### Information provided:
= Beginning of Section =
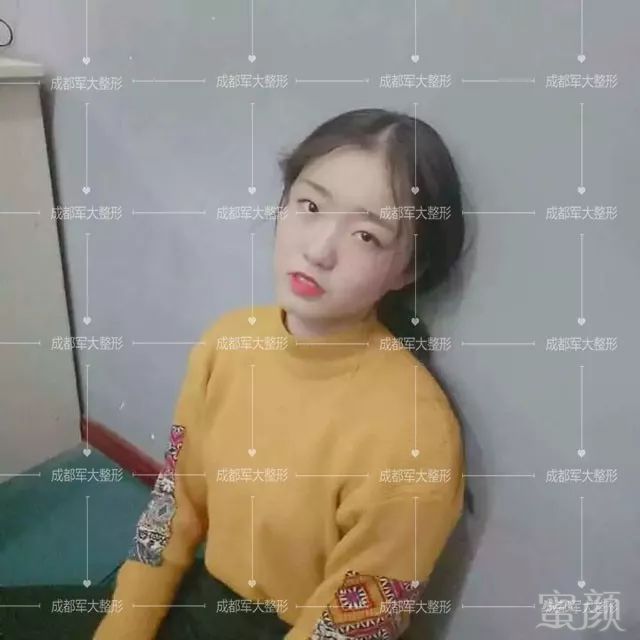 案例图片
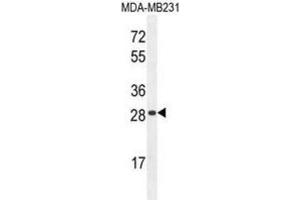 Western Blotting (WB) image for anti-Haptoglobin Related Protein (HPR) antibody (ABIN2996022)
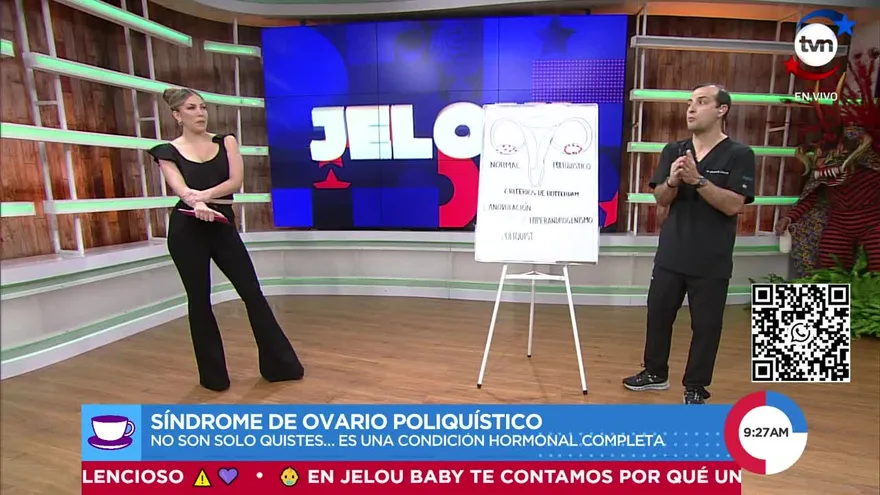 Síndrome de Ovario Poliquístico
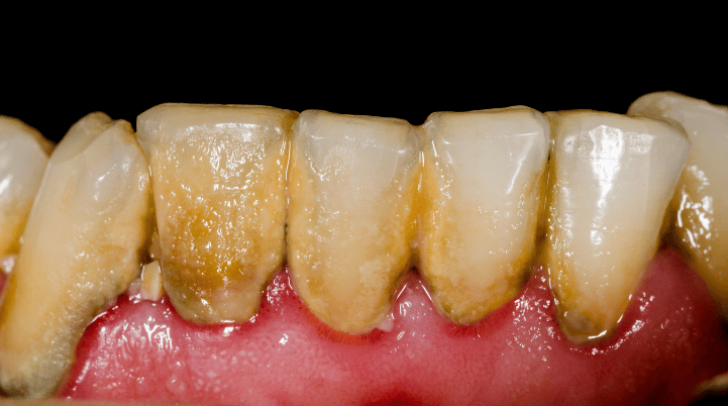 Before - Pearl Dental Care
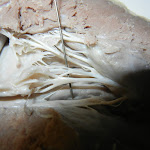 z_close_view_of_chordae_tendinae.JPG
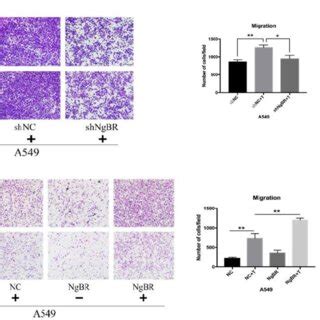 NgBR is required for TGF β1 induced cell migration and invasion of A549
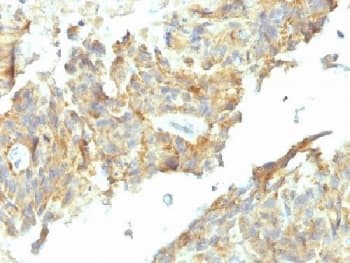 Monoclonal Mouse anti-Human Alkaline Phosphatase Antibody (clone ALPL/597, Ready-to-Use, IHC)
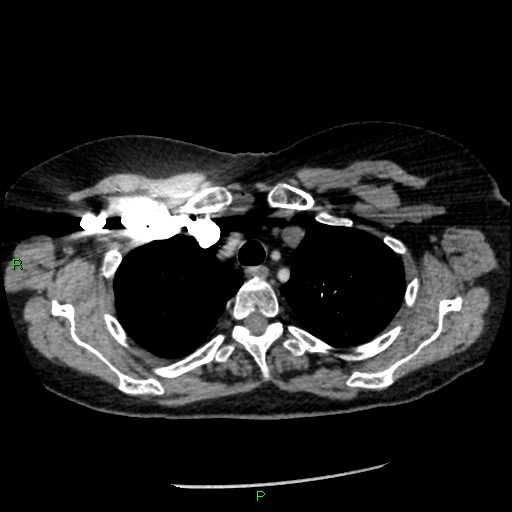 File:Bilateral pulmonary emboli (Radiopaedia 32700-33669 Axial C+ CTPA 17).jpg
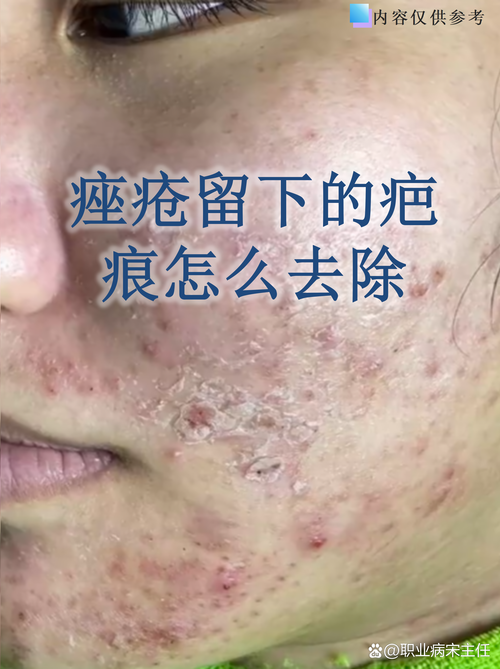 果酸祛痘后效果能持久吗?-图3 果酸祛痘后效果能持久吗?-图3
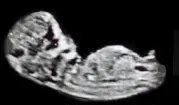 Male Sagittal Sign (Nub Theory)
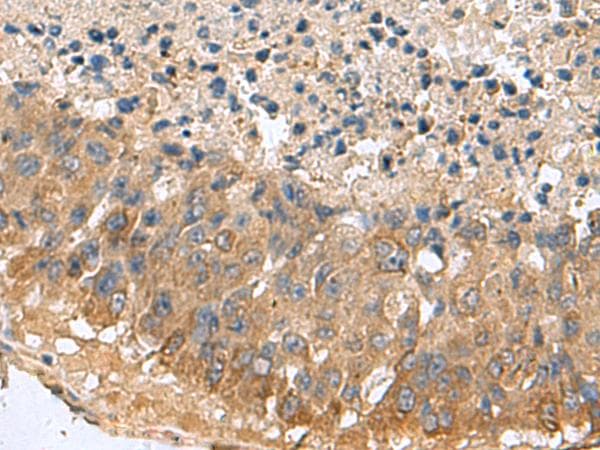 MARCKSL1 Antibody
= End of Section =
### Problem details:
Where the line containing "果酸祛痘后效果能持久吗?-图3 果酸祛痘后效果能持久吗?-图3" appears in the data above, begin there and output every line through the last, exactly and without pictures.

### Answer section:
 果酸祛痘后效果能持久吗?-图3 果酸祛痘后效果能持久吗?-图3
 Male Sagittal Sign (Nub Theory)
 MARCKSL1 Antibody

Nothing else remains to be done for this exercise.